Segment Start: RECORDS FOR THIS EXERCISE

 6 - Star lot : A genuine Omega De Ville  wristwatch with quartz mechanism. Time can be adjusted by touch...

Segment End: RECORDS FOR THIS EXERCISE
Segment Start: RECORDS FOR THIS EXERCISE

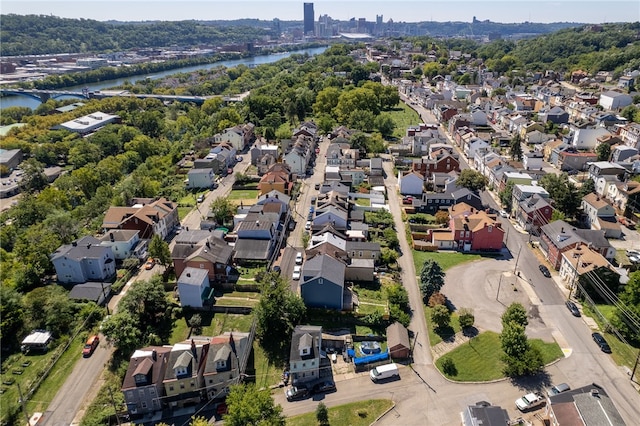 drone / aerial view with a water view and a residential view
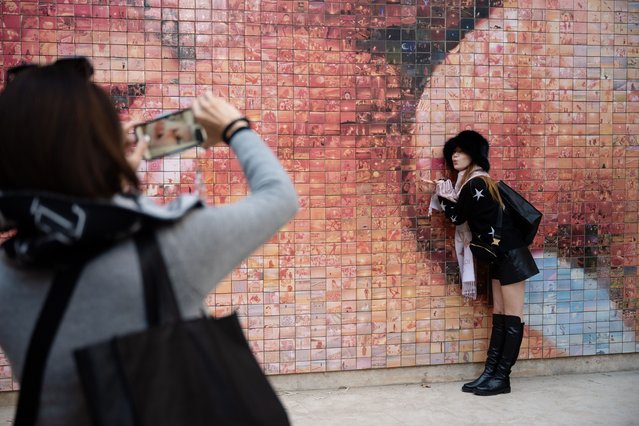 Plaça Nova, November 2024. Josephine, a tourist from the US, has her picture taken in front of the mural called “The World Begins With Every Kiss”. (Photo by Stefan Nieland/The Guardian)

Segment End: RECORDS FOR THIS EXERCISE
Segment Start: RECORDS FOR THIS EXERCISE

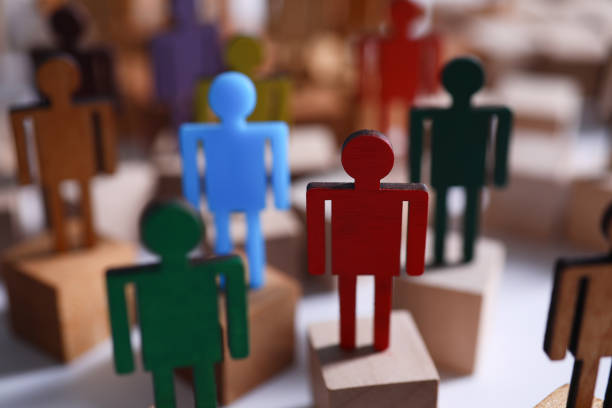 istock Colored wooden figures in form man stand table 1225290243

Segment End: RECORDS FOR THIS EXERCISE

• **EXERCISE OBJECTIVE**
All that should be printed is the run of lines above from the one with "drone / aerial" through the one with "Plaça Nova, November", both included, exactly as given, with pictures left out.

• **YOUR SOLUTION**
 drone / aerial view with a water view and a residential view
 Plaça Nova, November 2024. Josephine, a tourist from the US, has her picture taken in front of the mural called “The World Begins With Every Kiss”. (Photo by Stefan Nieland/The Guardian)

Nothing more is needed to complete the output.